How is that going to happen? Better you should ask yourself: How is that going to happen if even I do not help make it happen? Cast your vote — don’t just punch out the chad but vote your whole person: body, mind and conscience.
Put a price on your conscience and determine for yourself if the cost of continuing to give practical support to the government is higher than the cost of withdrawing that support.
There’s a myth that “death and taxes” are inevitable. Taxes, at least, are avoidable — although to those with cheap consciences, only at comparatively expensive rates. I know people who are living what in most parts of the world would be considered wealthy lives, without doing anything to put them in fear of IRS auditors, and who are still living tax-free. And their consciences, which to them are quite valuable commodities, remain intact and unmortgaged.

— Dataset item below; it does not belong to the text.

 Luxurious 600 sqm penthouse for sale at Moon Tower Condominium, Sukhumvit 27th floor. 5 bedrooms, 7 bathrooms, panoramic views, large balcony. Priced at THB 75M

It’s easy to come up with excuses for not acting. And it’s easy not to recognize them for excuses. For instance: “Isn’t the U.S. government much better than, say, China’s or Saudi Arabia’s, or so many others?” But that only works if you think the course of nations is the sort of course that should be graded on the curve.
What a sad concession it would be to believe that our republic, the first one out of the gates after the age of monarchies, was the finish line for this country and the best sort of government anyone could aspire toward. A bunch of powdered-wigged slaveholders somehow miraculously scribbling out the best scheme for protecting life, liberty and the pursuit of happiness anyone could hope for.
Imagine instead that maybe we’ve learned something in the last two and some centuries — that we can do much better than we’re doing now, because what we’re doing now stinks. But don’t imagine for a minute that it’s going to change on its own, or that you can continue to prop it up without sharing responsibility for what it’s doing.